The railroads are helping those first responders get ready.
“They train with us a lot. The sheer amount of oil being shipped makes it a little dicey situation," Rich Matiszik, the Milwaukee Fire Department’s Hazmat Director said.
For now, the railroads have agreed to a new speed limit -- 40 miles-per-hour when these "high-hazard flammable trains" -- as the government calls them -- go through TSA designated "high-threat urban areas."
Metro Milwaukee is one of those areas, covering the Canadian Pacific line from Mount Pleasant to Pewaukee, where Ryan Andrews and his family hear the trains go by daily, 50 feet from their home.

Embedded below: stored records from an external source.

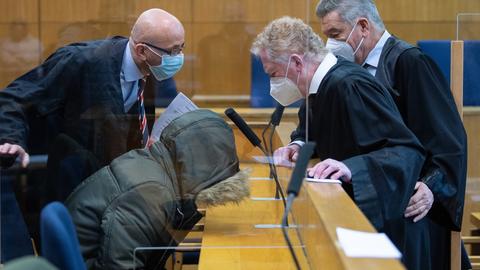 Der Angeklagte sitzt in einem Parka mit hochgezogener Kapuze am Tisch mit gebeugtem Kopf. Daneben sprechen seine Verteidiger miteinander.
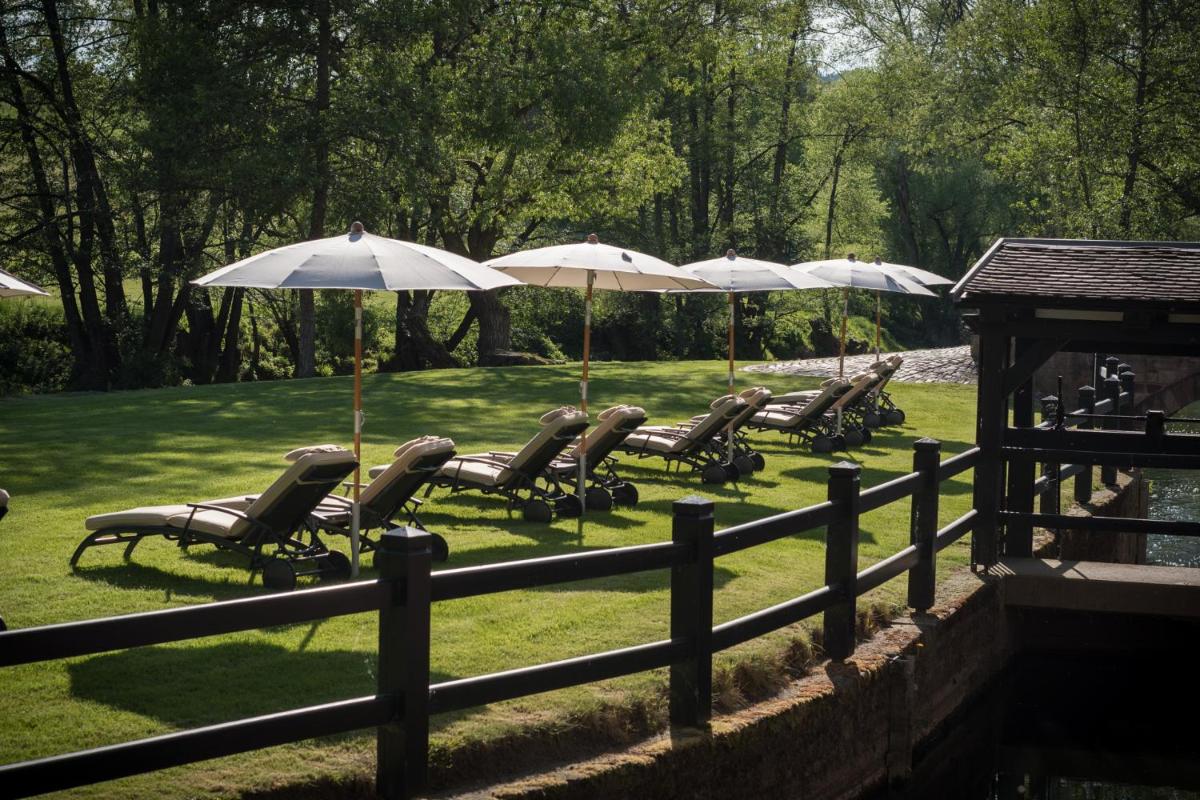 Ein Garten an der Unterkunft Neumühle Resort & Spa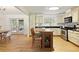 Modern kitchen with granite countertops, stainless steel appliances, a center island, and seamless access to the dining area at 9685 Cone Ct, Roswell, GA 30075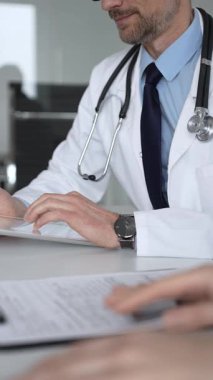 Doktorun hastaya danışması, bir klinik masasında tablet kullanması modern tıp ve dijital sağlık hizmetleri teşhisini sembolize ediyor. Tıp, sağlık ve bilim konsepti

"I don't want it to explode or anything like that!" Andrews said.
For security reasons, the railroads won't release to the public exactly how many Bakken trains are coming through Wisconsin, but it's dozens a day.
The federal government is expected to come out with new regulations for tank cars next year, but the Railway Supply Institute, the trade organization that represents rail car manufacturers says it will take about five years to retrofit all the tanks on the tracks.
The Senate blocked a bill that would have authorized construction of the Keystone pipeline on Tuesday, November 18th, but it will be up for a vote again soon. If the Keystone XL pipeline were to be built, it would have the capacity to carry about 100,000 barrels of Bakken crude. That's less than 10 percent of what the area is producing right now.
The Keystone XL pipeline would run from Canada to the Gulf Coast -- and most Bakken crude goes to the East Coast and West Coast -- to refineries there, so it is uncertain how much of a real impact that would have on rail traffic carrying Bakken crude through Wisconsin.